Números & pessoas
A propósito da uniformização que o mundo global sofreu nas últimas décadas, e da explosão das marcas (e dos franchisings) espalhadas por todo o lado, com os mesmos artigos, ou os mesmos pratos, ou os mesmos sapatos, o meu amigo Miguel costumava contar a história hilariante de um outro amigo nosso que certo dia entrara num McDonald’s e, quando a empregada se aproximou dele, pediu:
- Oiça, quero um Big Mac, mas quero isso bem caprichadinho!
Toda a gente se riu com a ideia de haver um Big Mac personalizado para o nosso amigo, mais bem grelhado, com um tomate maior, sei lá...
Na verdade, esse amigo estava, sem querer, a antecipar o que se seguiu: face ao reconhecimento de que, mesmo dentro de uma presumível uniformidade de gostos, cada mercado tinha as suas características, e quem não as tivesse em conta corria riscos de perder negócio, começaram a surgir as especificidades das marcas para cada região. Assim nasceram, justamente na McDonalds, por exemplo, em Portugal, as sopas e o cantinho do café expresso...
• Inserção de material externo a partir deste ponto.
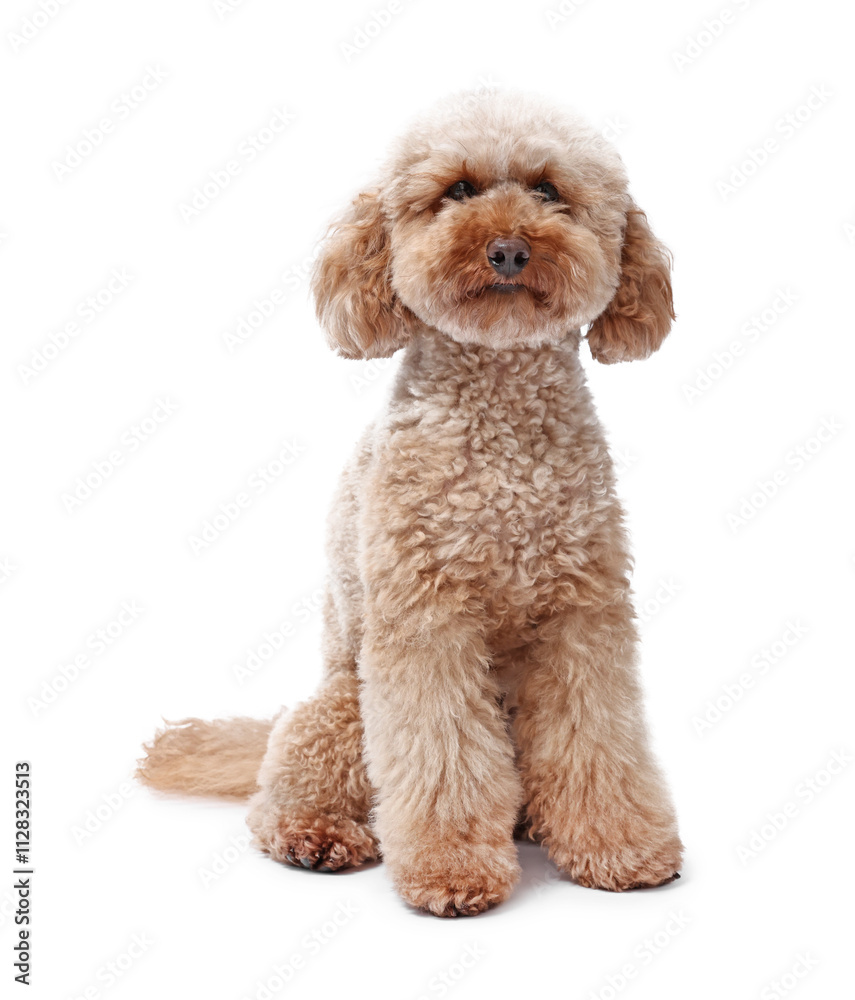 Cute Toy Poodle dog on white background. Lovely pet Cute Toy Poodle dog on white background. Lovely pet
Dessa ideia de desumanização absoluta, em que todos os clientes são iguais e não têm identidade, “crescemos” para um mundo onde repentinamente nos tratam pelo nome, sabem o que queremos, e a globalização aproxima-se da personalização. Assim estamos nos dias que correm.
Achava eu, claro.
Há dias entrei num Mcdonald’s, coisa que não fazia há muitos meses, talvez mais de um ano. Fui surpreendido por um balcão onde não havia empregados nas caixas, mas havia gente afadigada a correr entre a cozinha e a frente de sala. Em vários cantos, ecrãs gigantes “chamavam-nos” para fazer o pedido. Ouvi um homem gritar números diversos, e por cima dele uma espécie de televisor onde se exibiam encomendas “em preparação” e “prontas”.
Fiz a minha encomenda, recebi um papel com um numero, e às tantas ouvi o tal homem chamar pelo “21”. Era eu. Era o meu pedido.
Demorou mais tempo do que no processo clássico anterior. Desumanizou ainda mais uma cadeia de junk food já popular pela sua linha de montagem de hambúrgueres. E retrocedeu décadas face ao que os estudos têm demonstrado. Hoje, deixei de ser um cliente McDonald's para passar a ser um número. Ao lado, no "Starbucks", chamam pelo “Pedro” quando o café está pronto. E mais à frente, no “H3”, perguntam se quero mais arroz ou a carne bem passada.
(Não adianta virem falar-me na redução do número de trabalhadores ou na economia de escala – estou a falar de saber fazer negócios e vender...)
É verdade que já ía raramente às lojas da McDonald’s. Mas nunca deixei de as elogiar pela inovação, cuidado, higiene, segurança. Agora, espalharam-se ao comprido: no tempo em que estamos a recuperar o tratamento personalizado, optam por tornar os clientes em meros números sem contacto humano. Ou sequer nos “premiarem” com rapidez ou eficácia.
Estão ainda mais à frente do que imagino, ou já foram. Eu já fui.